After being dumped by her boyfriend, Koyori went to her longtime friend Hijiri's house to drink away her sorrow...and ended up spending the night with him! Not only that, he tells her he loves her—and she's not sure how to reconcile the new development with someone she's known since they were kids. After all, the stakes are high—if things don't work out, she'll hurt one of her closest friends. And to make matters worse, her ex wants to patch things up...? Koyori needs to figure out what she wants, before she loses it all.
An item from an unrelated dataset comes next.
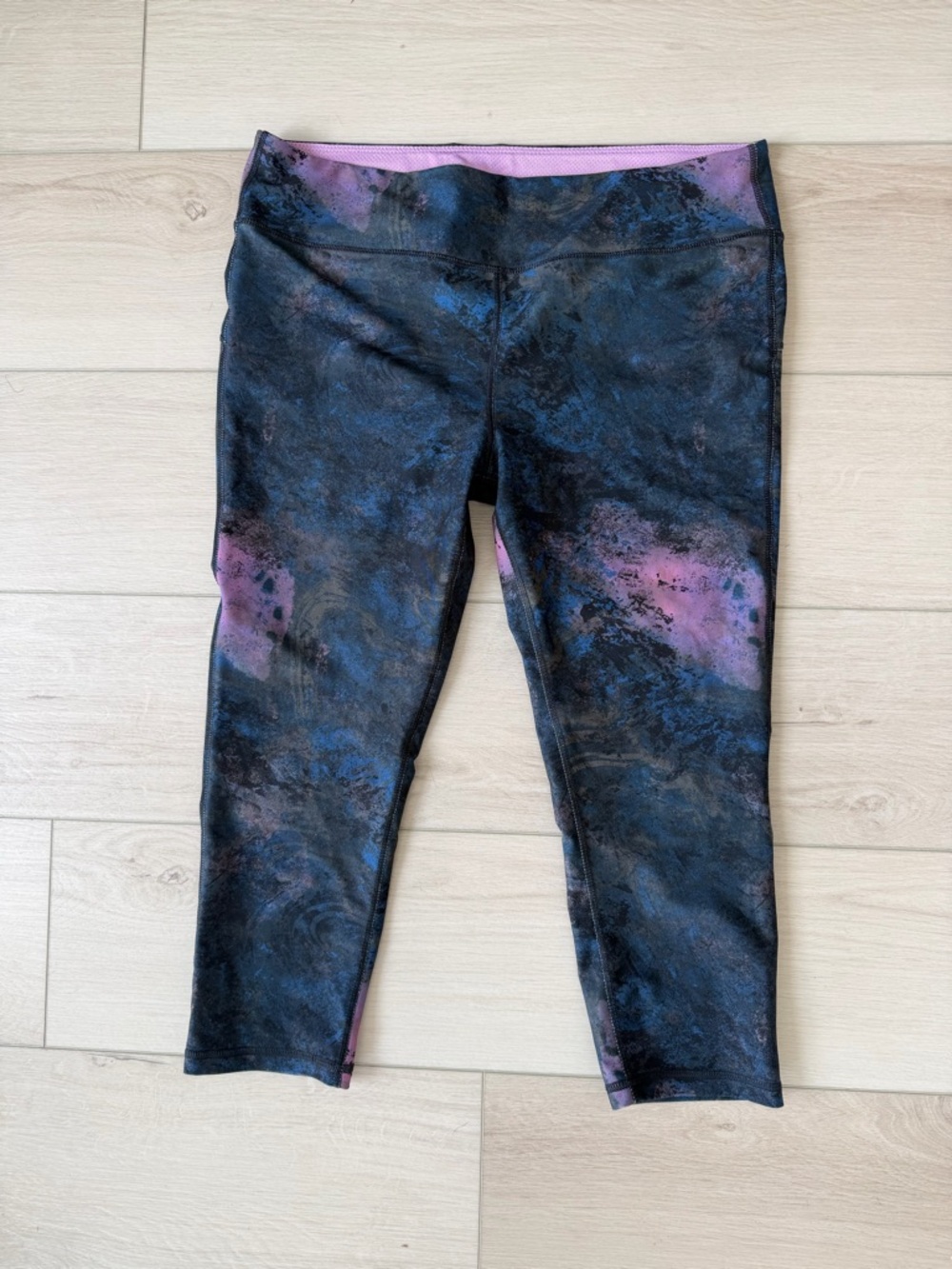 Marika Black Capri Leggings with Blue and Purple Accents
Changes of Heart has story and art by KUJIRA and English translation by Deborah Fu. Kodansha Comics released its first volume digitally for $10.99.






Is It Worth Reading?

Rebecca Silverman

Rating:

Changes of Heart's first volume is messy, and that's a good thing. Koyori, the protagonist, has just been dumped by her ex because he got his other girlfriend pregnant, and after a night of drunken ranting, she ends up sleeping with her best friend since childhood. Who she's talked herself out of her feelings for, multiple times. And who, it turns out, has been talking himself out of those same feelings for an equally long time. So now that they've had sex, it's all going to come up roses, right? Yeah, no, not so much. Because Koyori is more of a real person than many romance protagonists, and that means that not every decision she makes is going to look as good in the light of day as it did at first, and she's got a lot of emotional conflict about the entire situation…even if a piece of her knows that this is exactly what she's been wanting for years.
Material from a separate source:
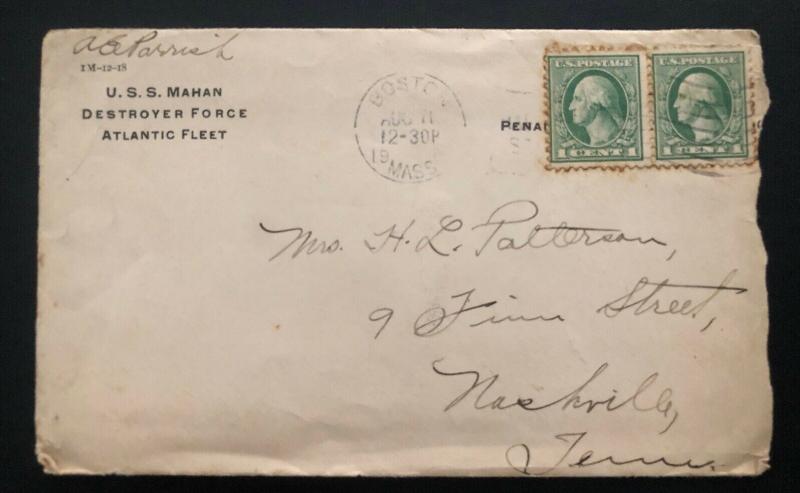 1900s Boston Ma USA USS Mahan Destroyer Force Atlantic Fleet Cover To Nashville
That makes this volume a study in the struggles of trying to be the mature adult you only sort of feel like but are convinced that you're supposed to be. Koyori's otherwise responsible, working hard in her dream job in the game design industry. But little details show that she's not quite as together as she wishes she was, with her messy apartment and the way that she totally melts down emotionally when she's in a situation she didn't anticipate and can't quite cope with. Hijiri's much more put together, but he's also trying very hard to figure out how to make this work, and a piece of him is also concerned that dating will ruin his friendship with Koyori; the difference is that he figures that the cat's out of the bag now, so he may as well just keep pressing his suit. Koyori still toys with the idea that words spoken can be ignored or forgotten, but that's mostly because she's so afraid. She's seen him date other girls and break up with them, and she can't quite conceive that maybe it'd be different this time because while he was dating all of those other girls, he had feelings for her.

Changes of Heart isn't an easy “happily ever after” kind of romance, but that's what's fun about it. It's awkward and messy and features characters desperately trying to connect even when they're a little bit afraid to. The art is pretty standard but does a nice job of showing Koyori and Hijiri growing up, even if their heights relative to each other can sometimes change on a single page. Even if it doesn't represent your exact experience it does a good enough job of showing the conflict of being an adult age-wise while not quite having figured it all out in reality that it's a little bit relatable, and that's worth a lot.


Christopher Farris

Rating:

So that's the second manga I've covered for this guide that starts with the leading lady awakening after seemingly being drunkenly taken advantage of. To Changes of Heart's credit, the framing pretty quickly clarifies that heroine Koyori did maintain recollection of her encounter the night before (in fact, her being unable to forget is a key point of drama early on), so it's not on the level of Irresistible Mistakes's full-on blackout-drunk date-rape. Still, if this is the route you want to go, there's got to be a better way than opening with your main character shocked and alarmed with seemingly no memory of what was done to her. The mutually-drunken impulsive hookup between childhood friends that's actually at the heart of this story functions fine on its own as a dramatic device. The relationship between Koyori and her guy-friend Hijiri feels balanced, and in several moments the writing works to communicate the inherent, compelling awkwardness of crossing that threshold with a close friend like that.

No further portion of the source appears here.